Die Uplandschule Willingen im nordhessischen Landkreis Waldeck-Frankenberg ist „Eliteschule des Nordischen Skisports“. Doch an der Kooperativen Gesamtschule mit Grundschule geht es um viel mehr als den Sport.

Als hätte es Barbara Pavlu geahnt. Bei der ersten Verabredung zum Gespräch schmunzelte die Leiterin der Uplandschule im zu diesem Zeitpunkt grünen Willingen noch: „Vielleicht treffen wir uns im März. Dann haben wir vielleicht Schnee.“ Würde ja passen. Schließlich ist die Uplandschule seit 2007 eine „Eliteschule des Nordischen Skisports“. Und als habe „da oben“ jemand auf die ehemalige Leistungssportlerin gehört, verzaubert Neuschnee in ungeahnter Höhe den Wintersportort im Hochsauerland, als wir dort eintreffen.

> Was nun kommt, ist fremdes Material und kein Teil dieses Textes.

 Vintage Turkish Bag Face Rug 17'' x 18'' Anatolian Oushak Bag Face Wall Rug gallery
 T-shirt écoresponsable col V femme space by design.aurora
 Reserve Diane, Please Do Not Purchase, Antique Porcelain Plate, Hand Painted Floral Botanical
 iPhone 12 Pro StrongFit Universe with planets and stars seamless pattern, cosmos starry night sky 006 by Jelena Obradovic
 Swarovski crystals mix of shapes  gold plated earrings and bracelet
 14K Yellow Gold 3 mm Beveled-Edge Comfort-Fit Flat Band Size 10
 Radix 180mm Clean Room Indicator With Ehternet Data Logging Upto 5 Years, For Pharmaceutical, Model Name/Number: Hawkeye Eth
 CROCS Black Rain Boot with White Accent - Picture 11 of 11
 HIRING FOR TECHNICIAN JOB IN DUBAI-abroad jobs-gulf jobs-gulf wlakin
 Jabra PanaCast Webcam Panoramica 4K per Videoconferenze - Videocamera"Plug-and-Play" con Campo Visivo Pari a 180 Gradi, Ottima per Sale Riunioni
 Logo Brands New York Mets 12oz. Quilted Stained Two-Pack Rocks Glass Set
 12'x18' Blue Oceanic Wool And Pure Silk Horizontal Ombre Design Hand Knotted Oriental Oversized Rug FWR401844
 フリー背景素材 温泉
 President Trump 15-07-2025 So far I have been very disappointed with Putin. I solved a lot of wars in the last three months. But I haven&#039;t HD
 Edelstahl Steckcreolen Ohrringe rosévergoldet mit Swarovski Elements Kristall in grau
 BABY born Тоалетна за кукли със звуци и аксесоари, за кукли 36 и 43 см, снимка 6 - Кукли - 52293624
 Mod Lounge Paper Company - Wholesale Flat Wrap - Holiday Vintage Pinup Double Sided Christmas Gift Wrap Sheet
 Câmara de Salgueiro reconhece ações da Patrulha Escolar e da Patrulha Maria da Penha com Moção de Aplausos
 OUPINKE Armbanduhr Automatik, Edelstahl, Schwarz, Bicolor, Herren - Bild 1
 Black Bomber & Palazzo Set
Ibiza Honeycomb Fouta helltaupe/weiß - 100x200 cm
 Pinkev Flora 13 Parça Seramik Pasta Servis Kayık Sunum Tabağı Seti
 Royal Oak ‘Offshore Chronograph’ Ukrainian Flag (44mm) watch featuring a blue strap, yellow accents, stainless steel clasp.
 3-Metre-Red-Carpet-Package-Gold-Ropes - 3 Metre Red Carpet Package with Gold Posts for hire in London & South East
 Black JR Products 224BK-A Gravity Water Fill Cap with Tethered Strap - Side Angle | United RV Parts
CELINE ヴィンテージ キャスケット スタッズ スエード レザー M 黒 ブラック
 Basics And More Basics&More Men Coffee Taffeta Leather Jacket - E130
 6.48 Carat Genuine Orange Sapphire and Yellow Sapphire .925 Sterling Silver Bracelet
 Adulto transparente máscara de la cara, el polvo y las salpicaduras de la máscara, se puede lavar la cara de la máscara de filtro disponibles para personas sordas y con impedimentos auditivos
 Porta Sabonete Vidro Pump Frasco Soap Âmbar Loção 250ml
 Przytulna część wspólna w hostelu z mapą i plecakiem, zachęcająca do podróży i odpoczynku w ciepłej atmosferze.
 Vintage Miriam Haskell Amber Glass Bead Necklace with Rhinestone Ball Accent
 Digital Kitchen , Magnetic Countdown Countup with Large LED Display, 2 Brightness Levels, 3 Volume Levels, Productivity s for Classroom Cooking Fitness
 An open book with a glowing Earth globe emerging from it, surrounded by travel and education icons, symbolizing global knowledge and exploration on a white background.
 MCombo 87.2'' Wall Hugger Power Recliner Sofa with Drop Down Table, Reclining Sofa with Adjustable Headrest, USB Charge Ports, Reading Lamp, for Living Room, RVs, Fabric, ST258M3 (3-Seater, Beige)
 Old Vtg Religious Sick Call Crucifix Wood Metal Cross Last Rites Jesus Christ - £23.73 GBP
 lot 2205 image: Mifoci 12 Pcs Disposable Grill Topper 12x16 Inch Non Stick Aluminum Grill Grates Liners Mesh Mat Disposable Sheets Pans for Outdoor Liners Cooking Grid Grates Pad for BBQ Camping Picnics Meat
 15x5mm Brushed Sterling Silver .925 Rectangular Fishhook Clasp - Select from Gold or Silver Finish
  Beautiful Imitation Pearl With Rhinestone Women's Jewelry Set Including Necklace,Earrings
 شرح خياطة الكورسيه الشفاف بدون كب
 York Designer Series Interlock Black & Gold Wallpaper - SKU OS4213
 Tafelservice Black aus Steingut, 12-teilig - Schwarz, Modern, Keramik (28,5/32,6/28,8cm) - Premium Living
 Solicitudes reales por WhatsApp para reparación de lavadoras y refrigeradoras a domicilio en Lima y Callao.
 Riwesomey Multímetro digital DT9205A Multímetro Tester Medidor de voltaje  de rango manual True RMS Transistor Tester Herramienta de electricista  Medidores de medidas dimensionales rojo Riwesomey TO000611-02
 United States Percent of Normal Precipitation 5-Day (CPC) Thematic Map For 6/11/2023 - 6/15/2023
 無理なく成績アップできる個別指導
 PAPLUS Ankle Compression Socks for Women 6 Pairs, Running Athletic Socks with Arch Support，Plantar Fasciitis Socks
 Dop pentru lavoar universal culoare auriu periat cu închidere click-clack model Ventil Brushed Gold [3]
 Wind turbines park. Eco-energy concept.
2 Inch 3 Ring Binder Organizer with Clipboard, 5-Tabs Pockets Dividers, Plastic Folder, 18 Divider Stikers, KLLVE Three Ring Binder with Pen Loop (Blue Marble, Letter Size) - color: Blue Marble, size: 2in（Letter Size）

640 Schülerinnen und Schüler besuchen die Kooperative Gesamtschule mit Grundschule und gymnasialer Oberstufe. Knapp zehn Prozent haben sich dem Skisport, präzise dem Nordischen Skisport und dem Biathlon verschrieben. Sie gehören zu jenen, die im internationalen Wettkampfsystem aktiv sind. Zwölf von ihnen wohnen im hauseigenen Internat, das sich genau wie die Kita in unmittelbarer Nähe des Schulcampus befindet.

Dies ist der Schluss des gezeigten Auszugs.